I’m a bit of a chocolate loving paradox because I love eating chocolate but I’m not overly keen on chocolate desserts. I’m not overly keen on chocolate cakes either and I think it’s because I find most chocolate desserts and cakes too rich.
That’s not the case with this beauty though, it’s super easy, super quick and super fluffy and all you need to make it is a bowl and a whisk. Better still, it’s made with a handful of pantry ingredients, and the fact that it’s made with cocoa and not chocolate, gives it a chocolatey flavour, but not overwhelmingly so.
I like to make one big cake, but you can just as easily make two shallower sponges and sandwich them together with buttercream. Serve this cake with a sprinkle of icing sugar, slathered in buttercream or my personal favourite, lashings of ganache and your favourite decorations.
The ganache takes the cake to a whole new level and makes the cake a doddle to decorate even if you’re a decorating dud like me!

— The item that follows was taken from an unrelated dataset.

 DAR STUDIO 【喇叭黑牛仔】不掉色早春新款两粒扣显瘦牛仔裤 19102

This cake lends itself to all kinds of celebrations, birthdays, Easter or just because. Because let’s face it, it’s always a good day for cake. For some strange reason, I always seem to make this cake at Easter – guess who didn’t give up Easter for lent – it’s just perfect covered with mini eggs.
If your preferred cake making equipment is a Thermomix over a whisk and a bowl, here’s a Thermomix conversion I prepared earlier.

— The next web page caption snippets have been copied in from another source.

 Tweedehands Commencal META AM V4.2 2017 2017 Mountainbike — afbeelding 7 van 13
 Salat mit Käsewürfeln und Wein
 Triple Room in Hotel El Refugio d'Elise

Now let’s talk chocolate. How do you eat yours?
175g self raising flour
2 tablespoons cocoa powder
1 teaspoon bicarbonate soda
150g caster sugar
2 eggs, beaten
150 ml sunflower oil
150 ml milk
2 tablespoons golden syrup
- Pre-heat oven to 180C/160C fan-forced. Grease and line the base of a deep 20cm round cake tin.

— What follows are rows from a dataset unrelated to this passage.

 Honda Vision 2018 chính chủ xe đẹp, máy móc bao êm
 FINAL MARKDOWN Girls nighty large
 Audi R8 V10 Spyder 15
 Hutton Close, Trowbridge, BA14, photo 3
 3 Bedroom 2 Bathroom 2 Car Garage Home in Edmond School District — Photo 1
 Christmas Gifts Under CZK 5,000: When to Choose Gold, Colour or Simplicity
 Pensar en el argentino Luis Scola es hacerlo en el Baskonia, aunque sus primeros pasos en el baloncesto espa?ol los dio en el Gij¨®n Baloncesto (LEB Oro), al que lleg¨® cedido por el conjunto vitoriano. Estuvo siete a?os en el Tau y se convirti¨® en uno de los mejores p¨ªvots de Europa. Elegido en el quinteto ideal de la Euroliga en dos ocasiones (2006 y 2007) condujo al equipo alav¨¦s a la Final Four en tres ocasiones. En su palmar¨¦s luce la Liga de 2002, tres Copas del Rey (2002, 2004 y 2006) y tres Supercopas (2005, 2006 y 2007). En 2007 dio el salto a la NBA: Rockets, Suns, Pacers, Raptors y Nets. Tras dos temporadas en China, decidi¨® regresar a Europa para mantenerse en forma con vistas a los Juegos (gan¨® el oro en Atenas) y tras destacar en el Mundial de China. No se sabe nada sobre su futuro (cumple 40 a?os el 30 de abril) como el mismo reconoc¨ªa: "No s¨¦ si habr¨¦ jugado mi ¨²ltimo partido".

- Sieve the flour, cocoa and bicarbonate of soda into a bowl. Add the sugar and mix well.
- Make a well in the centre and add the syrup, eggs, oil and milk. Beat well with electric whisk until smooth.
- Spoon the mixture into the prepared tin and bake for about 30-35 minutes until risen and firm to the touch and a cake tester inserted in the centre of the cake comes out clean.
- Remove from the oven, leave to cool before turning out onto a cooling rack.
Prep and Cooking time: 35-40 minutes
TIP! This recipe will work just as well in 2 x 18cm (7 inch) sandwich tins, if you want two flatter cakes that you can sandwich together.